I will pray for you. Having faith in God will help you through troubled times. God will not lead you through a path that he knows that you could not endure. 
Bud


----------



## baytownboy (Jul 24, 2009)

Prayers from my wife and I, thanx for your friendship, Doyle


----------



## Gator gar (Sep 21, 2007)

I'll say a prayer for you too.


----------



## KeeperTX (Jul 8, 2013)

Praying for you Bubba.


----------



## DA REEL DADDY (Jun 7, 2005)

Heavenly Father turn a merciful ear to our prayers for Doyle. He is one of your children and our Brothers in Christ asking for prayers for his ill hand. We pray that you touch him with your healing hand and touch his Doctor(s) and care givers that will be administering to him with correct treatment as well as compassion. Fill Doyle and his family with courage and hope during this illness. Your will will be done. Amen.


----------



## jdipper1 (Jul 18, 2007)

Prayers sent.

GOD Bless,
John


----------



## DCAVA (Aug 5, 2013)

Prayers up


----------



## atcfisherman (Oct 5, 2006)

I pray that God will touch you with the Holy Spirit so you will be healed in Jesus' Name! So thankful for God giving 2nd and 3rd and 4th and etc chances!!!


----------



## Reel Time (Oct 6, 2009)

Ruben, prayers sent from me.


----------



## JFolm (Apr 22, 2012)

Praying for you R!


----------



## fishingtwo (Feb 23, 2009)

My Prayers for you Bubba


----------



## artys_only (Mar 29, 2005)

Prayers sent for gods healing power on your hand !


----------



## Danny O (Apr 14, 2010)

Prayers going up for complete restoration of your hand.


----------



## r.lynn (Apr 23, 2011)

Prayers sent! How did the appointment go?


----------



## bubbas kenner (Sep 4, 2010)

r.lynn said:


> Prayers sent! How did the appointment go?

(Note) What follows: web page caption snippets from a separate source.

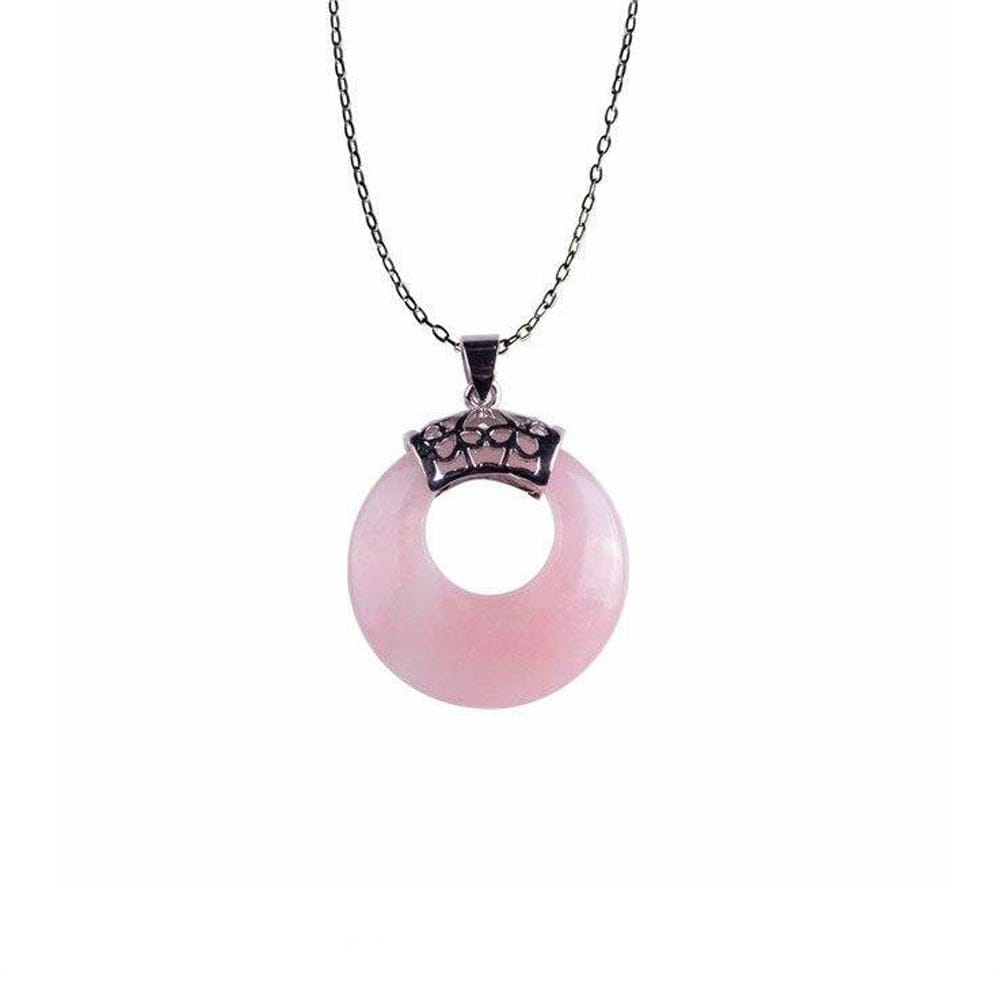 Collier Pierre Quartz rose "Anna"
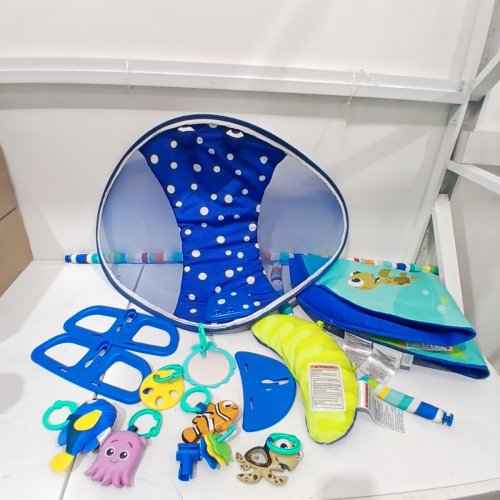 BRIGHT STARTS DISNEY BABY FINDING NEMO RAY OCEAN LIGHTS & MUSIC GYM WITH TUMMY TIME PILLOW SET image 2
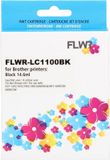 FLWR Brother LC-1100BK zwart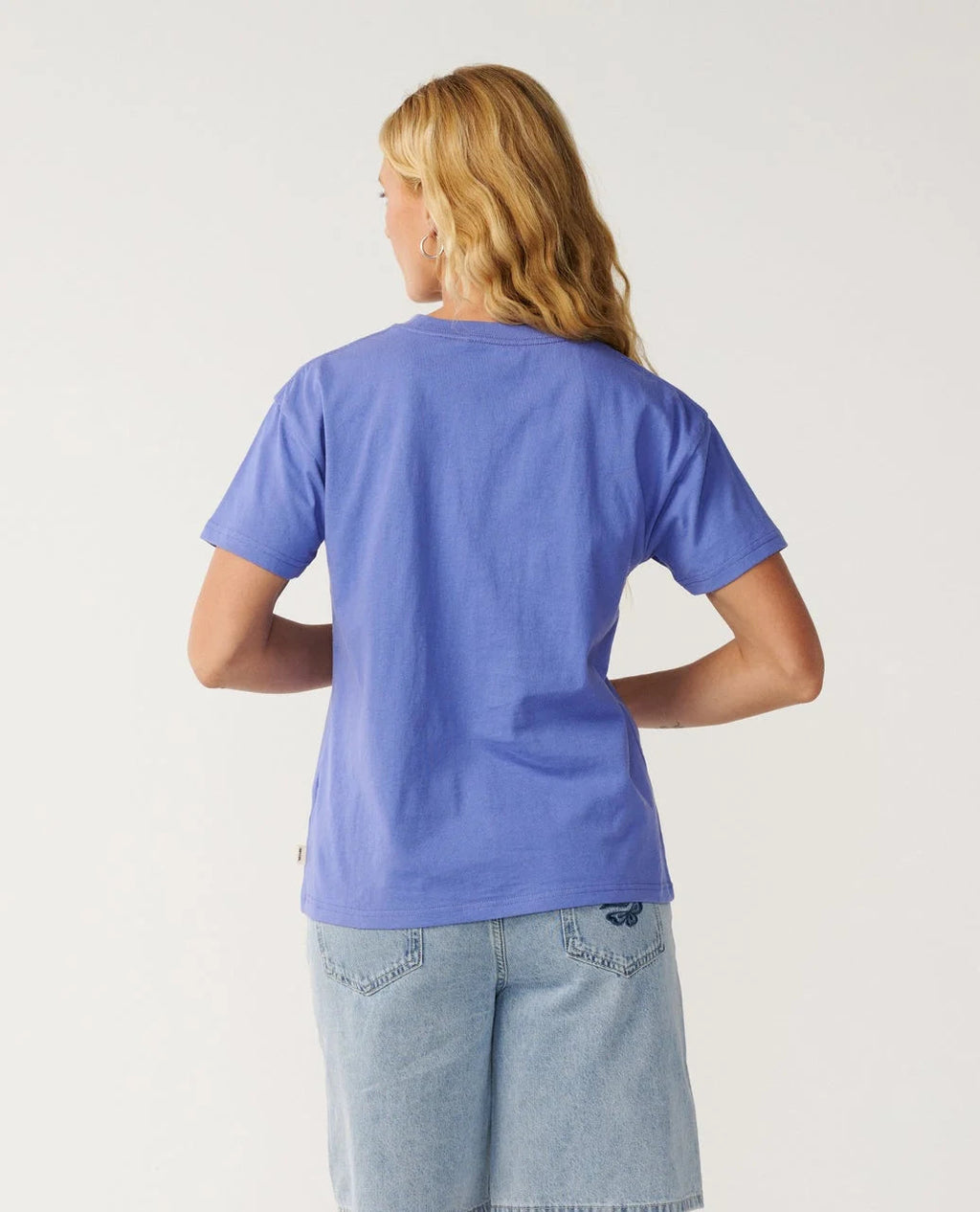 Ripcurl Women’s Surf Puff Party Pack Relaxed Tee, back view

The company Dr released me to full duty thanks for all the prayers.


----------



## artys_only (Mar 29, 2005)

Glory to the father ! Glad you are doing better When you going fishing !


----------



## bubbas kenner (Sep 4, 2010)

artys only said:


> Glory to the father ! Glad you are doing better When you going fishing !


In the am thank you.


----------